I read the docs and installed the package watchdog.
It has 2 config files: /etc/default/watchdog /etc/watchdog.conf
In /etc/default/watchdog I changed watchdog_module to "bcm2708_wdog" In /etc/watchdog.conf I first enabled lots of checks, but when that did not work I started with only:
interface = eth0 max-load-1 = 24
My problem: whenever I start the watchdog process, the system is either rebooted quickly or at most after a minute or two.
One time I even managed to get it into a reboot loop which could only be fixed by putting the flash card in a PC and destroying the configuration (renaming /etc/default/watchdog).

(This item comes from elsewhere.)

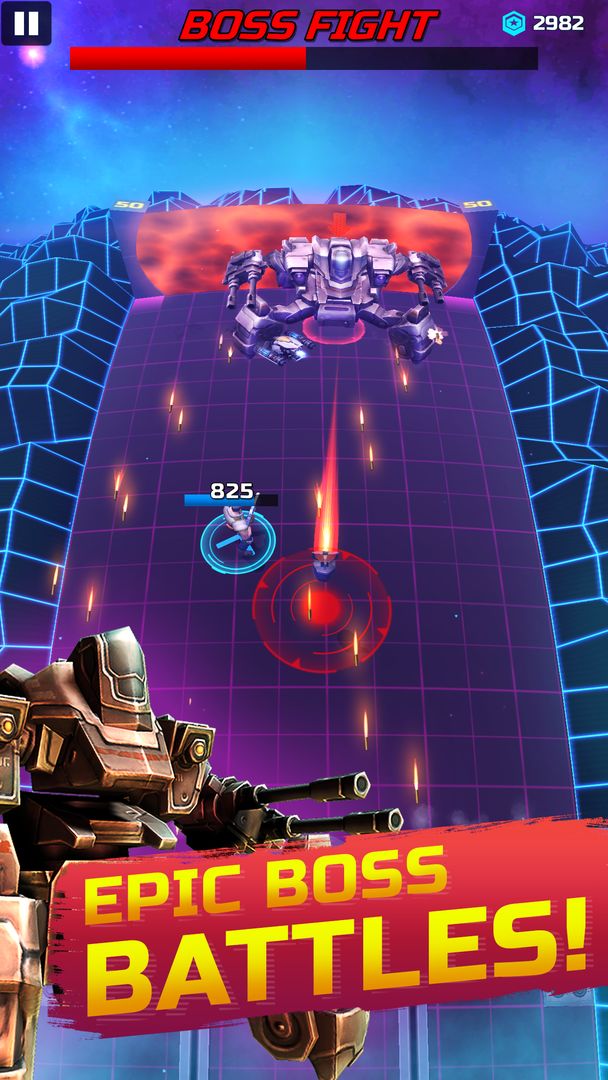 Cyberpunk Neon Soldier 2077 게임 스크린 샷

Something is going wrong but it is unclear to me what it is.
I tried strace of the process and the first thing I noticed is that the "interval" setting is not in seconds (as you would assume) but in half-seconds. I set it to 20 to get a 10-second check interval.
Default is 1 so a .5 second check interval. That is way too short as I cannot guarantee there will always be network traffic each .5 second interval. However, 10 seconds should be OK. (I checked a tshark -p trace and there is regular ARP and broadcast traffic)
The documentation of the program is very lacking. It has the usual "obvious" comments for each setting, like:
interval = Set the interval between two writes to the watchdog device. The kernel drivers expects a write command every minute. Otherwise the system will be rebooted. Default value is 1 second. An interval of more than a minute can only be used with the -f com? mand-line option.
Does not even mention the units of the interval... it suggest seconds but that is not true, it is half-seconds.
interface = Set interface name for network mode. This option can be used more than once to check different interfaces.
Not a word about what is really happening in "network mode".
Before I get into trouble again, and worse: before I get problems in my colocated Pi, for which I would have to send have them return the flashcard to me and have it down for a week: Does anyone have experience with this beast, and know how to make it behave correctly?
It of course should reboot/reset the Pi only when things are really wrong, but it seems a bit too eager.